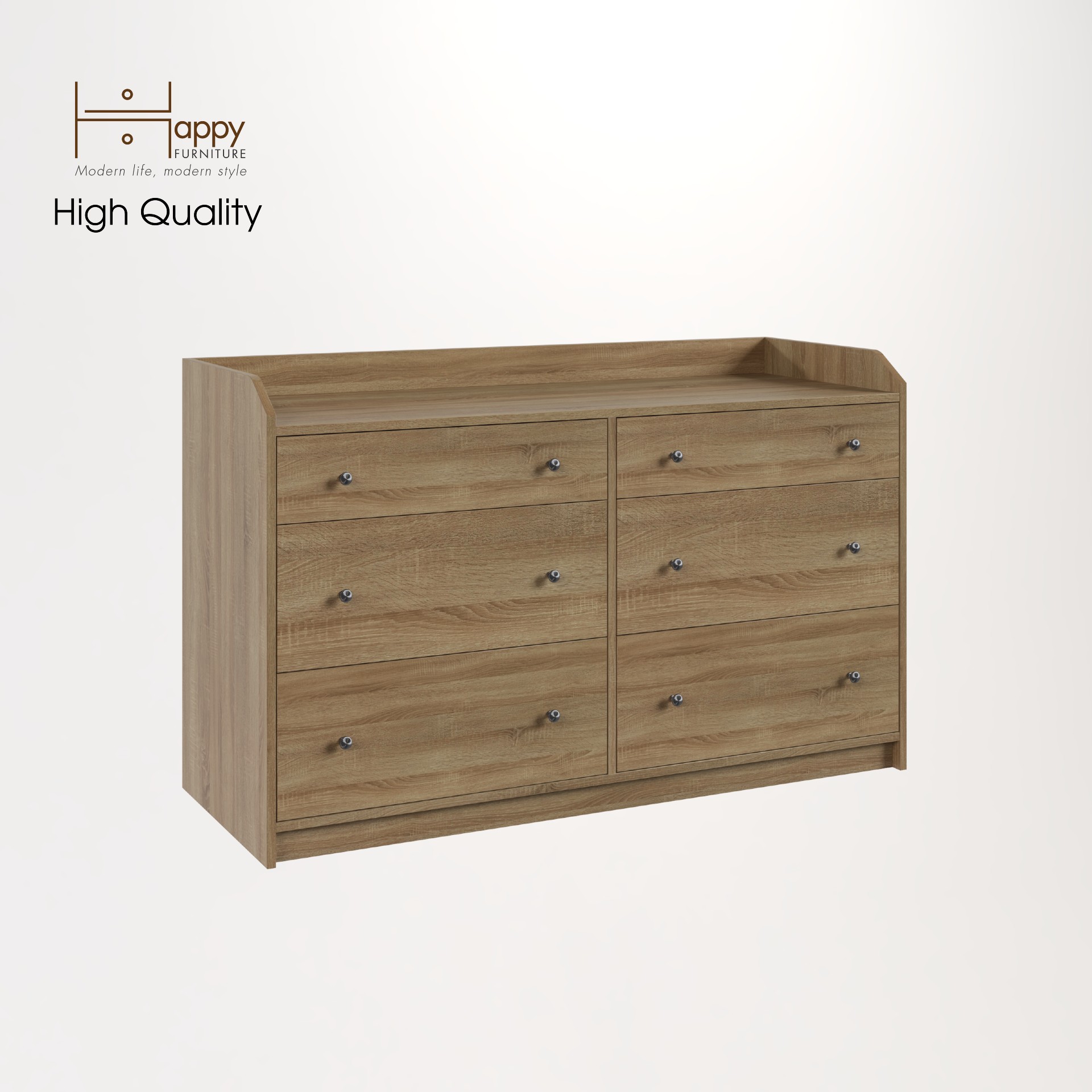 [Happy Home Furniture] CANA,  Tủ 3 tầng - 6 ngăn kéo ,  138cm x 46cm x 84cm ( DxRxC), THK_009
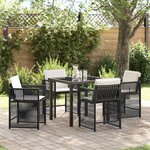 vidaXL Ensemble de salle à manger pour jardin 5 Pièces Noir polyrotin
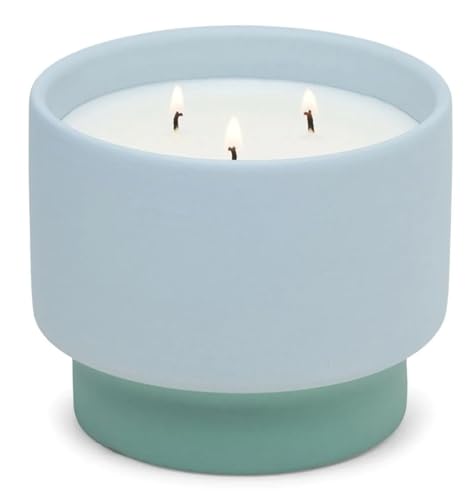 Paddywax Scented Candles Colour Block Collection Candle in Reusable Ceramic Jar, 453 Grams, Saltwater Suede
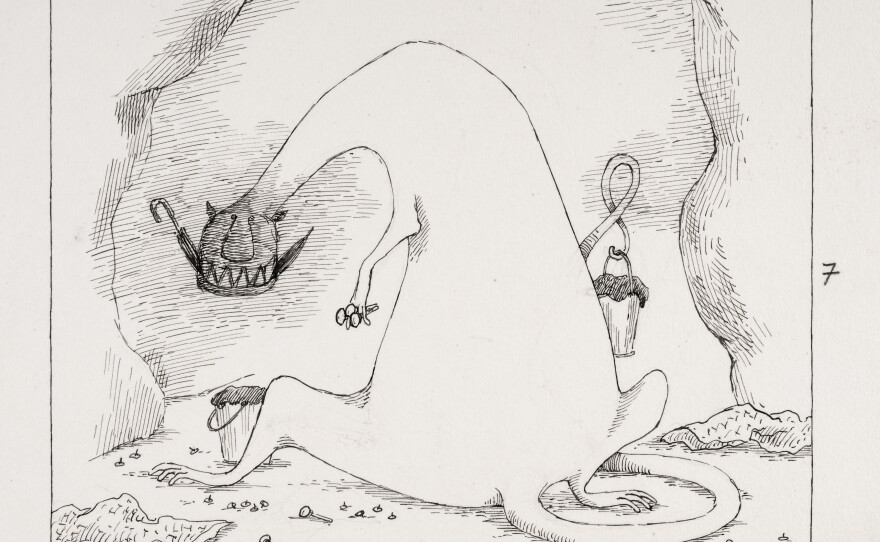 Edward Gorey, “It eats umbrellas, gunny sacks, / Brass doorknobs, mud, and carpet tacks.” Illustration for The Wuggly Ump. New York: J. B. Lippincott Company, 1963. Pen and ink on paper. copywrite The Edward Gorey Charitable Trust.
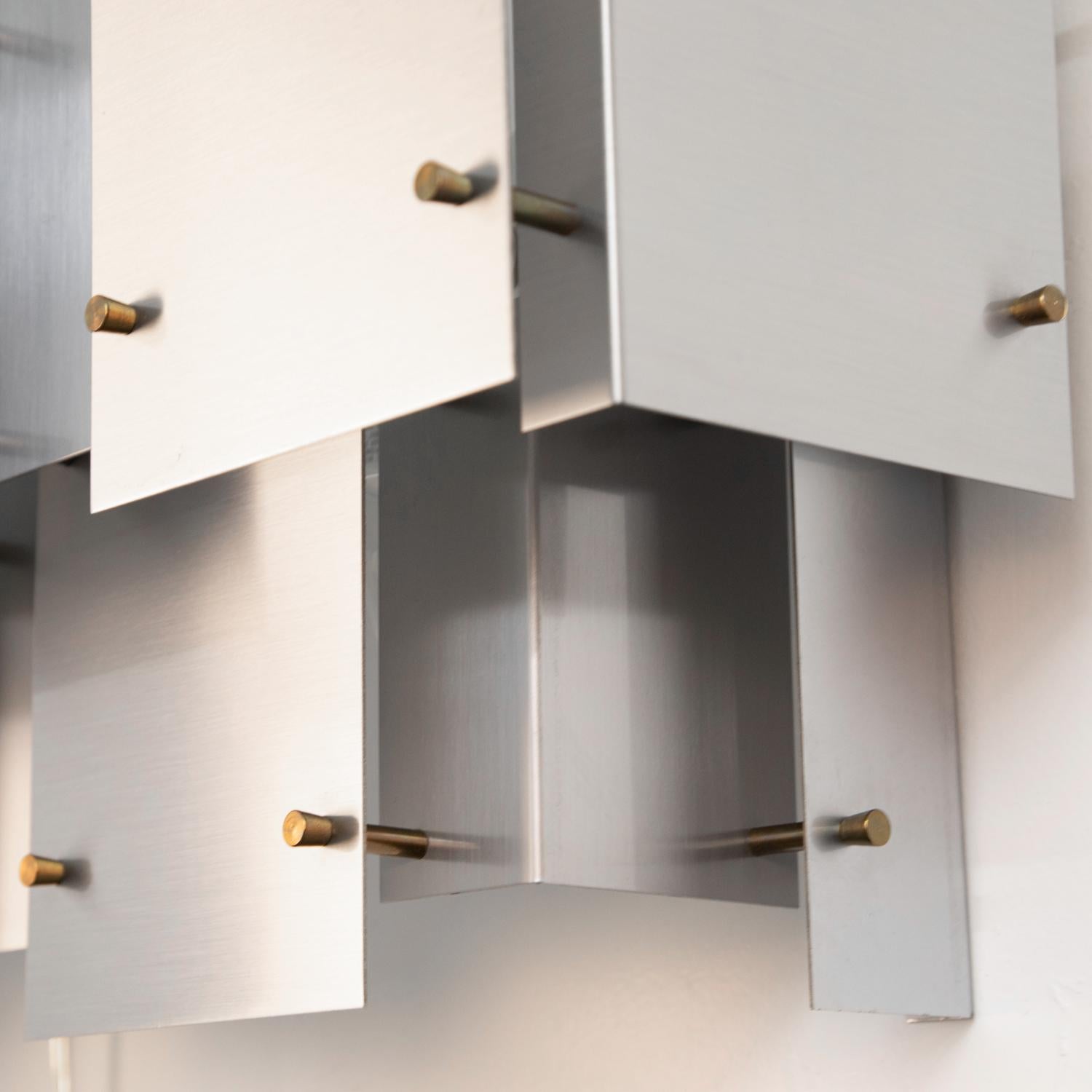 American Sonneman Large Wall Sconce in Brushed Steel with Brass Accents 1970s 'Signed' For Sale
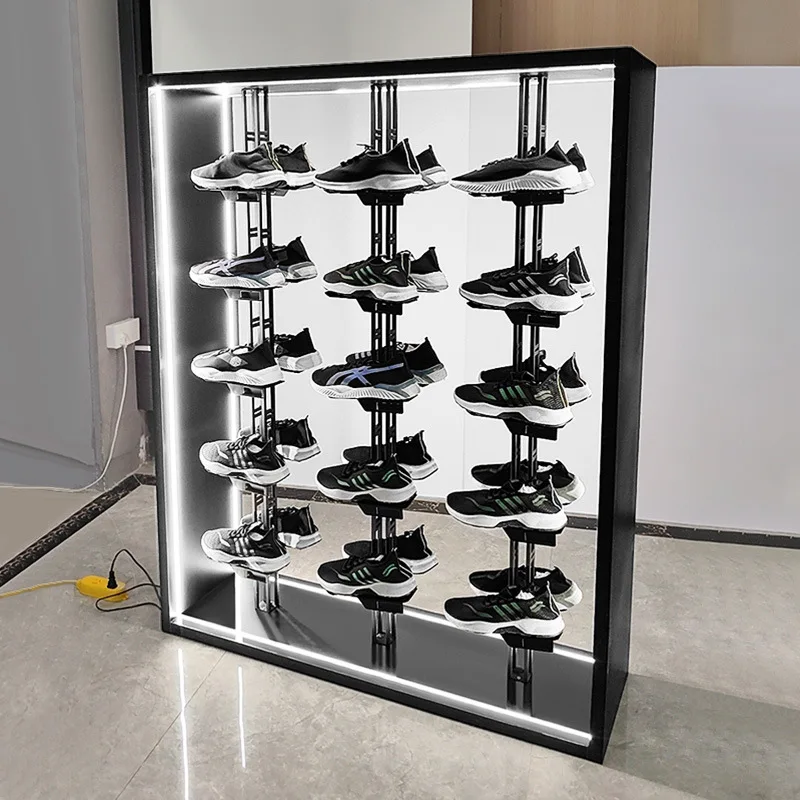 

Shoe store shoe rack sports shoe shelf column cabinet display rack against the wall elevated luminous rack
· · · · ·
• THE PROBLEM:
None of the pictures belong in the result. Print exactly the lines from the one containing "vidaXL Ensemble de" through the final line of the entries.

• EXERCISE OUTPUT:
 vidaXL Ensemble de salle à manger pour jardin 5 Pièces Noir polyrotin
 Paddywax Scented Candles Colour Block Collection Candle in Reusable Ceramic Jar, 453 Grams, Saltwater Suede
 Edward Gorey, “It eats umbrellas, gunny sacks, / Brass doorknobs, mud, and carpet tacks.” Illustration for The Wuggly Ump. New York: J. B. Lippincott Company, 1963. Pen and ink on paper. copywrite The Edward Gorey Charitable Trust.
 American Sonneman Large Wall Sconce in Brushed Steel with Brass Accents 1970s 'Signed' For Sale

Shoe store shoe rack sports shoe shelf column cabinet display rack against the wall elevated luminous rack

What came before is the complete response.